It is a universe where press releases and declarations by members of the Kremlin circulate without any problem. Russian units in Ukraine? Soldiers deployed “to secure these biological weapons laboratories”. Ukrainian President Volodymyr Zelensky? “A lying Nazi comedian.” The Ukrainians? “Psychopaths.” For the past few days, Silvano Trotta, ufologist who has become a star of “reinformation” on the Covid, has revealed his keen interest in geopolitical questions.
On its Telegram loop and its 154,000 subscribers, so far mainly devoted to the coronavirus, there is now a deluge of false information on the Ukrainian conflict. The circles of disinformation seem to follow the news: after the Covid, it is now the war in Ukraine – on the pro-Russian side – which mainly mobilizes their attention. To understand the links between antivaccines and pro-Russian networks, interview with Antoine Bayet, author of Journey to the Land of Dark Informationpublished by Robert Laffont.

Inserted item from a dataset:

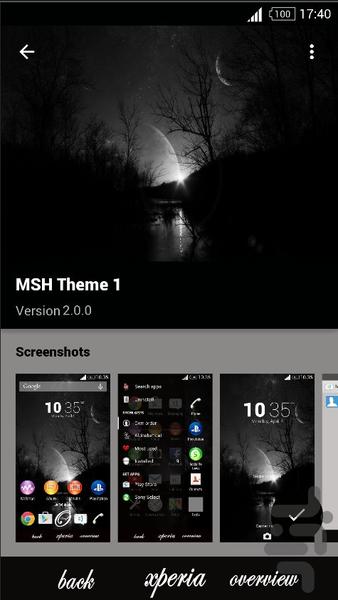 SONY MSH THEME 1 - Image screenshot of android app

L’Express: How to explain these links between the anti-vaccine sphere and the pro-Russian disinformation networks?
Antoine Bayet: I spent several months trying to understand the motivations of people who pick up so much information that they will start producing parallel content, counter-information distributed outside traditional channels. I met a little more than fifteen of these actors who produce “dark information” and I studied them a lot in the first half of last year. However, I was surprised: I did not think that they would seize a new “fight” so easily. In the groups that I have could observe in 2021, we thus note this rallying to a mainly pro-Putin discourse.
But it is part of spheres with different motivations: political, economic, or personal. Take the example of the YouTube channel “Livre noir”, which, if it is not a conspiratorial channel, surfs on these codes. They thus have a very political agenda and reading of the war in Ukraine. Another example: someone like Silvano Trotta, who obviously felt that a certain treatment of the conflict was going to be popular among his subscribers. I have not yet identified people with economic motivations on the subject.
This adhesion to the pro-Russian discourse was however progressive…
The turning point came not on February 24, the day of the Russian invasion, but a week later, when Russia Today was banned in France. As in the case of the antivaccines, who claimed to mobilize against the health pass, this blockage was perceived as an attack on freedom. This value is important in both cases: agitated, it can federate and overturn people. These people are in “against”, to the point of pouring into the victim discourse: “We are censored, we are oppressed.” In their minds, what is forbidden becomes true, because if power has suppressed it, it must want to hide something.
Next, we must not forget that there are often two speeds in the diffusion of dark information. We first have coordinated, well-thought-out and considered actions on Telegram which are then exported to the most popular networks, such as Facebook. It is therefore possible that the contagion of content relaying pro-Russian propaganda will continue even more in the coming days outside of Telegram.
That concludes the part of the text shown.